From the very start, we were intrigued to know why there had been so few whisky distilleries in the South of Scotland. At that time (2006/7), Annandale Distillery had been closed for almost 90 years and Bladnoch Distillery (near Newton Stewart, Wigtownshire) was in the process of fizzling out under very sad circumstances. This left William Grant’s gigantic grain distillery at Girvan and Diageo’s Glenkinchie Distillery to the east of Edinburgh, as the only functioning whisky distilleries in the South of Scotland (although neither of these are truly southern in a strictly geographic sense). Previously, there had been two other distilleries in the Scottish Borders, Glen Tarras and Langholm, but both had ceased production in the early 1900s.

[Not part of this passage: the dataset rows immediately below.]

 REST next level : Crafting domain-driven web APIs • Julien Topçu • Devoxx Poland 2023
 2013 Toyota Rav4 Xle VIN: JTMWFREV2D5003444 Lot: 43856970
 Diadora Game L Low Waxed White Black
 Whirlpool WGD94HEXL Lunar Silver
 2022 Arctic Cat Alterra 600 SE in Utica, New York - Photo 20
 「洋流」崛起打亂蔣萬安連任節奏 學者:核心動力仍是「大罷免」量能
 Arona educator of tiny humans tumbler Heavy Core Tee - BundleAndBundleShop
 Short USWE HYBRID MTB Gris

In seeking an explanation, it’s immediately evident that the climate in South West Scotland would have been too damp for growing the barley cultivars of 100 – 150 years ago. But otherwise, there would have been an abundance of water, peat and coal, and the weather (damp and mild) would have been ideal for maturing whisky. Also, by the 1890s, Southern Scotland had a well-established rail network which should have made inward transportation of barley and outward transportation of finished whisky, relatively straightforward. (Surely, any challenges facing South of Scotland distillers would have been nothing compared to the challenges faced by Islay’s distillers.) This led us to the inescapable conclusion that there isn’t, and probably never has been, a fundamental reason why first class Single Malt Scotch whisky couldn’t and shouldn’t be produced in Southern Scotland. Clearly, there was a point to prove!

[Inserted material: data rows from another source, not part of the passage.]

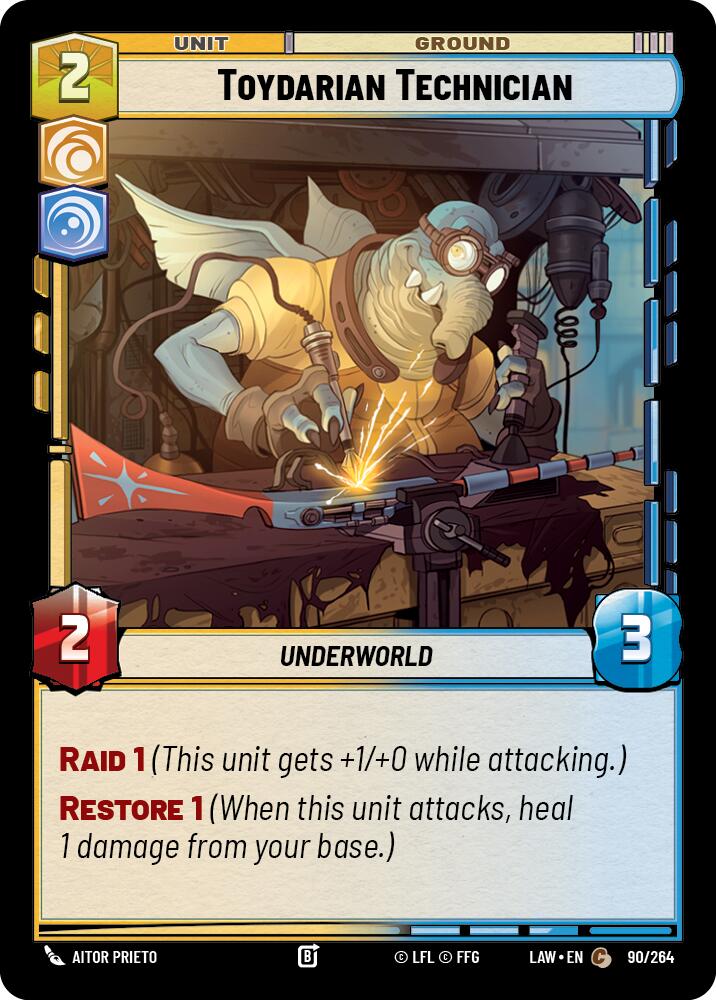 Toydarian Technician [LAW - 90/264]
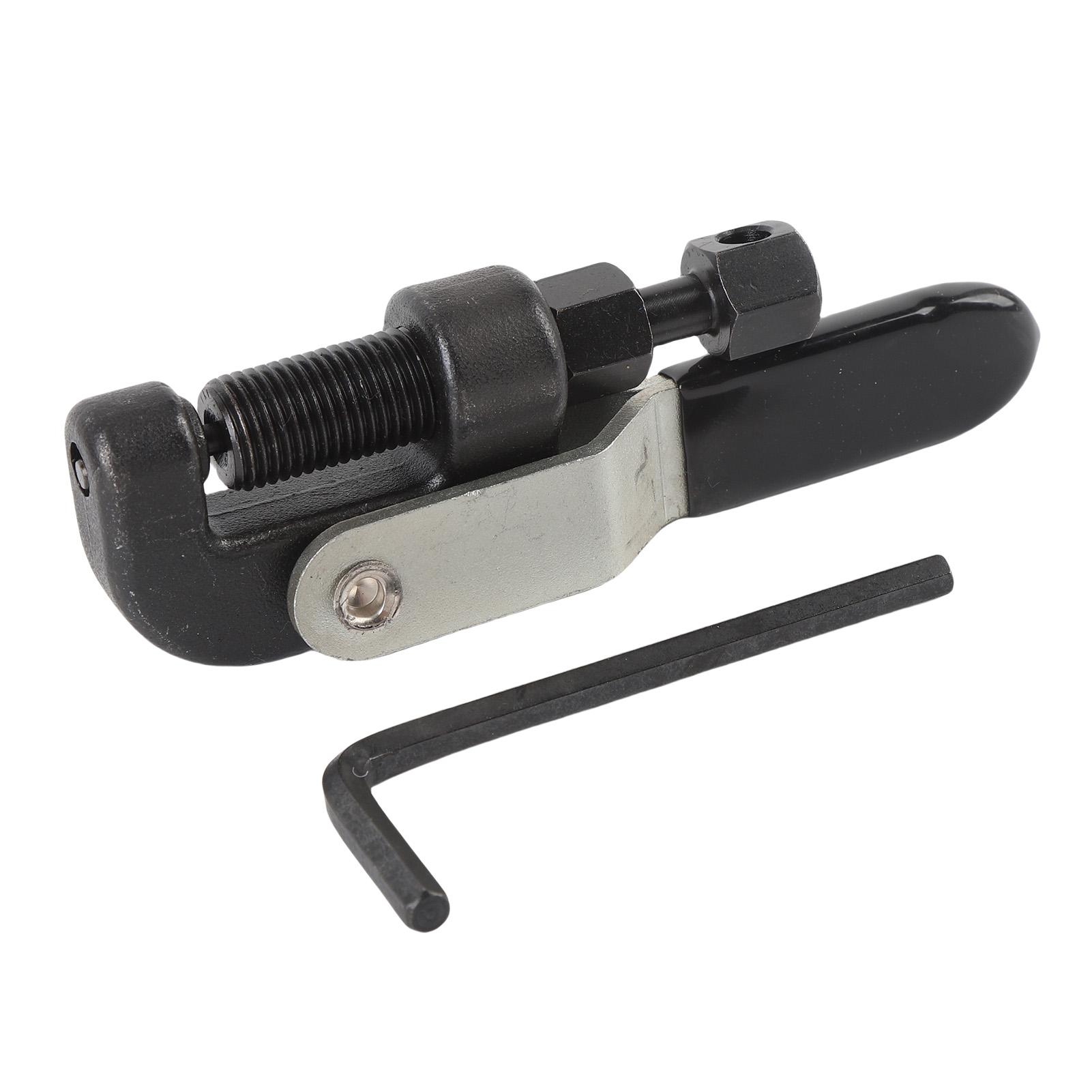 Chain Breaker Cutter Heavy Duty High Strength Cold Rolled Steel Ni Plated Chain Splitter Tool
Chain Breaker Cutter Heavy Duty High Strength Cold Rolled Steel Ni Plated Chain Splitter Tool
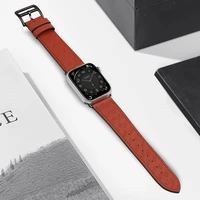 Odinis dirželis Apple Watch 38 / 40 / 41 mm apyrankė – raudonas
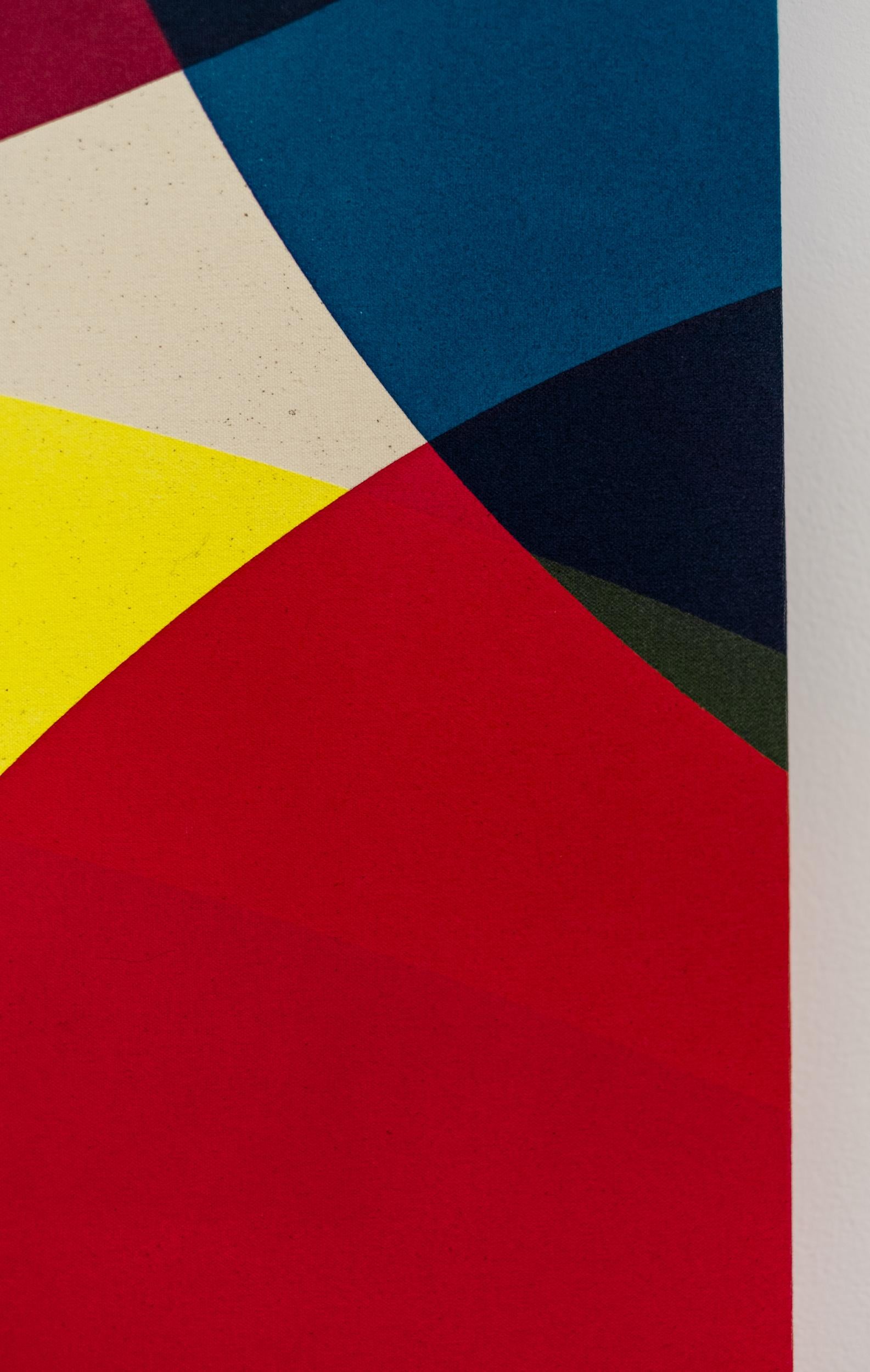 Colour Study 3 - minimalista, contemporaneo, astratto, acrilico su tela in vendita 5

Southern Scotland falls within the ‘Lowland’ whisky region of Scotland. According to various of the coffee table books on Scotch whisky, Lowland Single Malts are characteristically light in colour and dry in finish. This is apparently attributed to the nature of the barley used by Lowland distillers. What arrant nonsense! Most distillers source their malted barley from all over Scotland, depending on cost and availability. If barley regionality has ever played a part in determining the character of Lowland Single Malts (which is doubtful), it certainly doesn’t now. Colour has everything to do with the type of oak barrels used to mature the whisky and almost nothing to do with regional differences in barley.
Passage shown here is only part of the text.